The House of Representatives recently continued to debate a bill that would extend unemployment benefits through November. With the Independence Day recess right around the corner, many doubt that the Senate will approve the bill if the House does pass it. As it stands now, 2 million unemployed Americans will have to find a way to survive.

By July 10, the unemployment extension benefits for the nation will come to an end.

Unemployment insurance benefits have given a claimant up to 26 weeks of pay. Since the recession has hit, these benefits were extended and four tiers were added in addition to a separate Federal-State-Extended Duration (FED-ED) tier.

The first four tiers are referred to as the Emergency Unemployment Compensation (EUC) extended benefits, and they are entirely federally funded. The FED-ED, however, is federally funded for most employers, meaning that mainly tax-rated employers will not be charged for the benefits paid to the claimants.

After the first 26 weeks of a claimant’s benefits are exhausted, the first-tier extension takes effect, allowing an extra 20 weeks of benefits. When the first tier is exhausted and the claimant still has no job, then the benefits are extended to a second tier which gives the claimant an extra 14 weeks.

If the second tier runs out then the third tier benefits the claimant, providing an additional 13 weeks of assistance. After the third tier is used up, then the fourth tier offers an extra six weeks. If the claimant is still jobless, the FED-ED extension helps the applicant for an extra 20 weeks. The total number of weeks a claimant can be on unemployment is 99 weeks. Once the 99 weeks are done, the applicant has exhausted all of their benefits.

However, H.R. 4213–American Jobs and Closing Tax Loopholes Act of 2010, would extend the filing deadline for existing tiers until November 30, 2010. If this bill passes those who have exhausted their 99 weeks of unemployment benefits would be able to extend the EUC program through November 2010. This program would provide (depending on a State’s unemployment rate) up to 53 weeks of extended benefits. If the claimant were still depending on unemployment after the 53 weeks, then they would be part of the Extend the Extended Benefits (EB) program through November 2010. This program provides up to an additional 13 to 20 weeks of benefits in certain states–13 weeks for states at or above 6.5 percent unemployment and another seven weeks for states at or above eight percent unemployment. There would also be an extended Federal Additional Compensation (FAC) through November 2010. FAC would increase unemployment benefits by $25 a week. Finally, the bill would also eliminate “the penalty for part-time employment in the EUC program. The legislation coordinates EUC with regular benefits by providing states with a number of options to allow EUC claimants to remain eligible for the EUC program, when they become newly entitled to state unemployment compensation, if switching to state benefits would reduce their weekly UI check by at least $100 or 25 percent.”

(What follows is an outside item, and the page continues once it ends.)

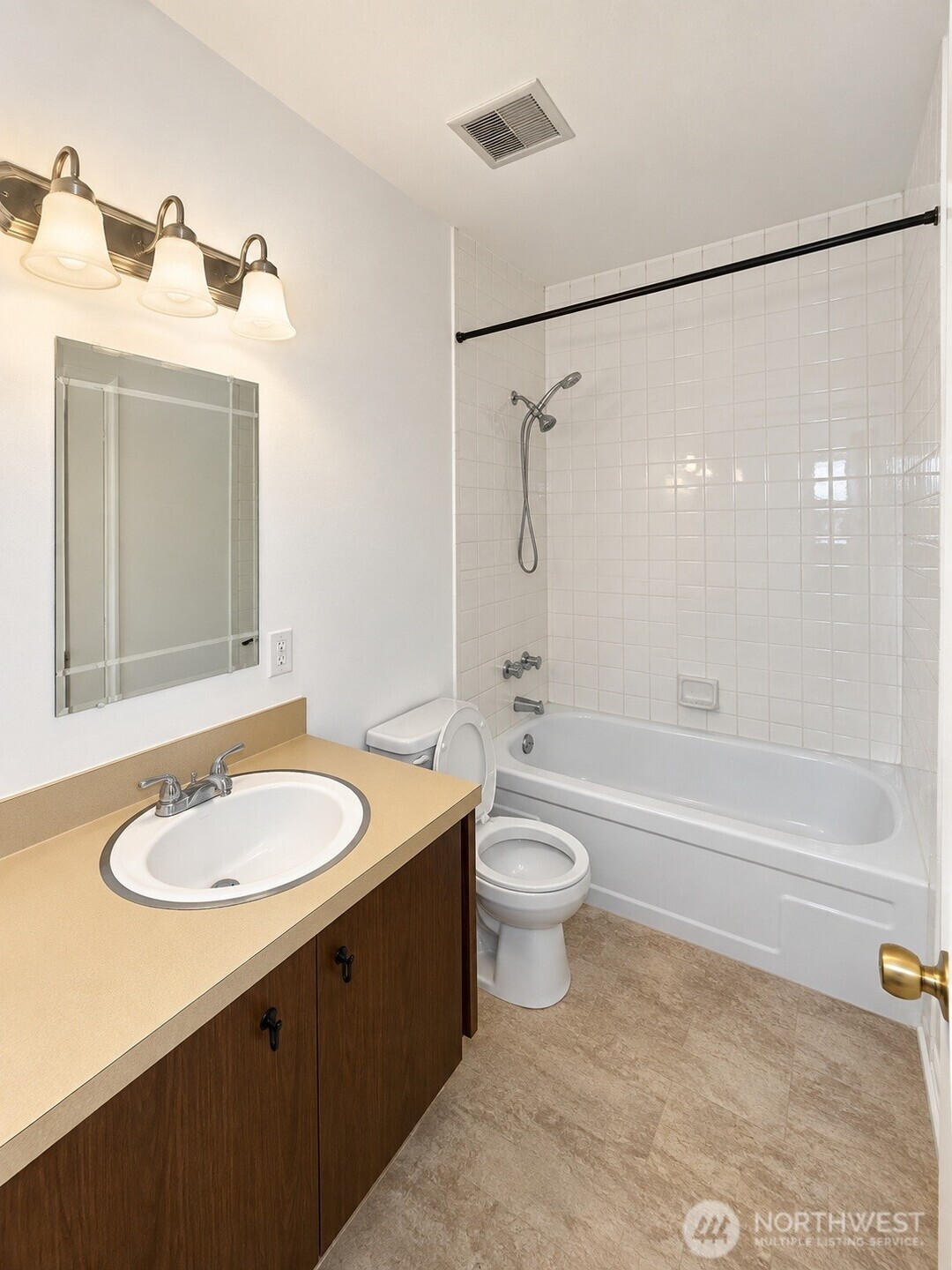 924 Shorewood Drive E56 Property Photo 6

According to the California Employment Development Department (EDD), there are approximately 137,000 claimants who have exhausted their 99-week benefits.

If the United States Senate does not act now all these people will face an uncertain financial future. As a consequence of the congressional inaction, those who are in a first, second, third, fourth tier, or FED-ED will only receive the amount of weeks left from that tier but won’t be able to move to the next one.

The unemployment rate in the country is 9.7 percent and in California it’s 12.4 percent.

However, it is the minority groups, especially the Black community, that are feeling the impact of this inaction. The unemployment rate for African Americans is double that of the country with a staggering 17.1 percent. The rate quadruples for African American youth–38 percent of African Americans ages 16-19 are jobless.

While Republicans and Democrats negotiate on a bill that would cost $33.9 billion, thousands of Americans will be out of options and many might have to turn to shelters or even the streets.